The second part is not something RAFT mandates, but rather is an artifact of our current implementation originating from the initial design: stable storage was organized around Pekko persistence with all its semantics. This meant that we had no direct access to specific entry for the purposes of applying its state nor sending it to peers and all entries were replayed during actor recovery, i.e. before we start participating in RAFT protocol and those are kept on-heap.

In order to deal with all that we maintain a RaftJournal of metadata, tracking two indices:

  1. the first journalIndex to replay on recovery, and
  2. the journalIndex of the entry having the same index as the last observed RAFT commitIndex
We then use them to completely apply entries, effectively replaying our last actor state, which in turn allows us to keep the on-heap state minimal.

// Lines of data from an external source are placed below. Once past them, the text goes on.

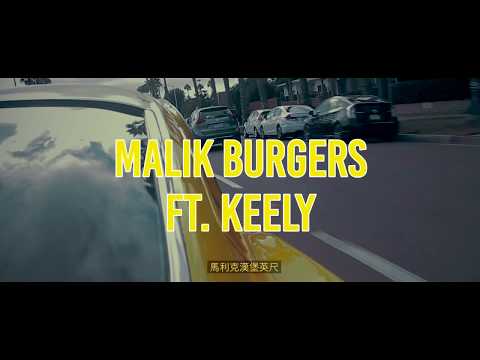 Malik Burgers - Goddamn ft. Keely (Official Video)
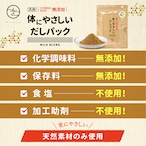 無添加 体にやさしいだしシリーズ 福袋お愉しみセット（だしふりかけ1袋 だしパック9g×7袋 おだしカクテル鰹1袋 だしップス1袋）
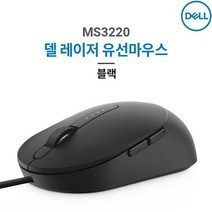 MS 유선 DELL 마우스 블랙 3220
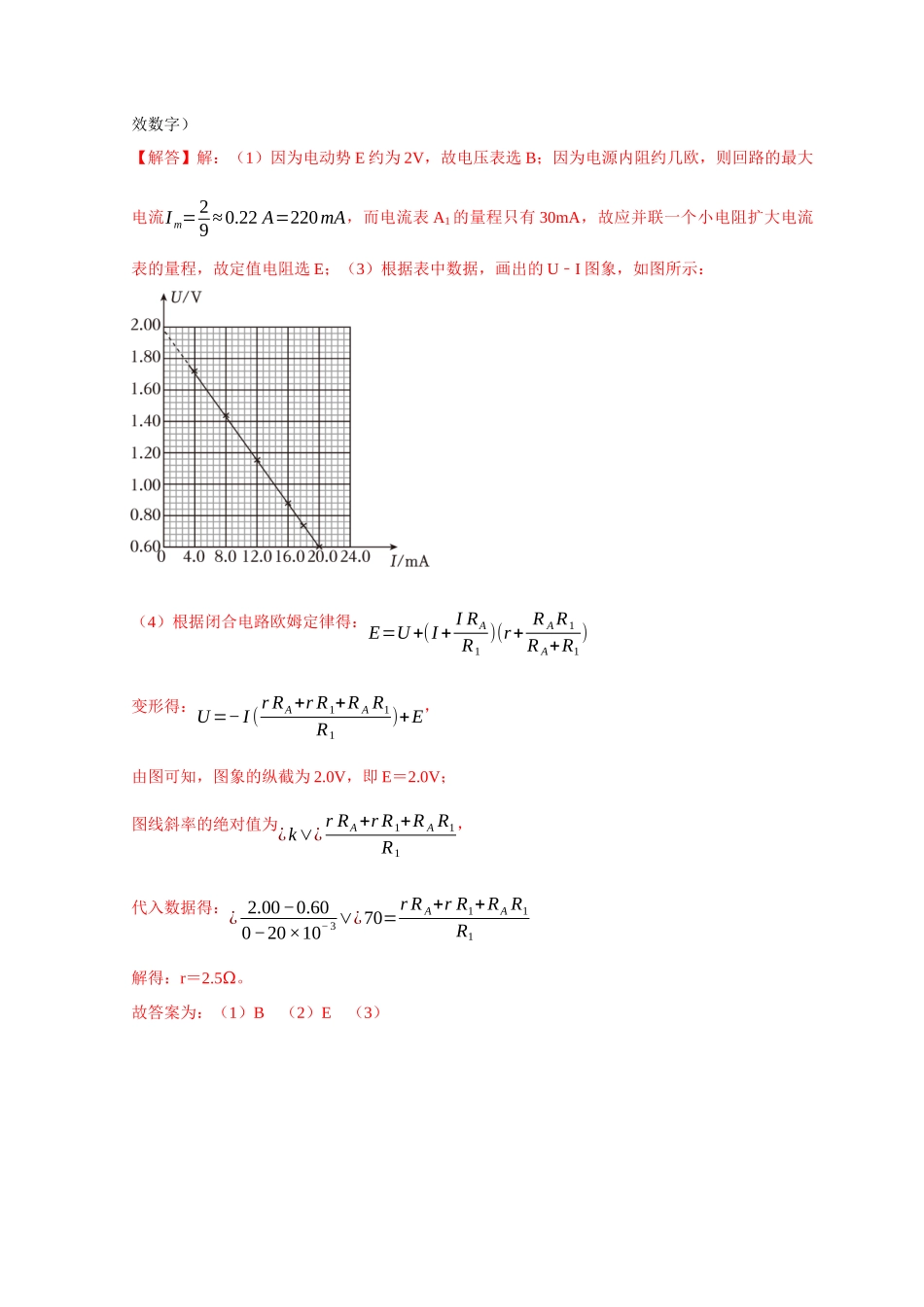 2025届高考物理二轮复习热点题型-题型必刷练1 “3实验+4计算”（解析版）.docx_第3页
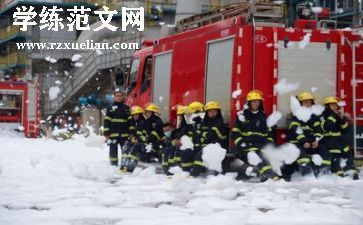 消防安全的演讲稿500字8篇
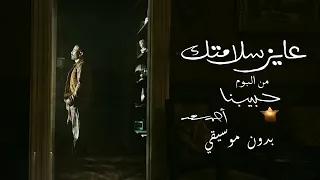 Ahmed Saad 3ayez Salamtak 2025 احمد سعد عايز سلامتك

The other part we maintain is a RaftJournal of individual entries, but there is a twist there as well: since each journal requires a fixed maximum entry size, we specify that as 256KiB and provide our own dance to store larger entries in separate files.

Note: this introduces the concept of journalIndex, which currently defined to start with at 1. Value 0 is explicitly reserved for unsigned long overflow. Negative values yield undefined results.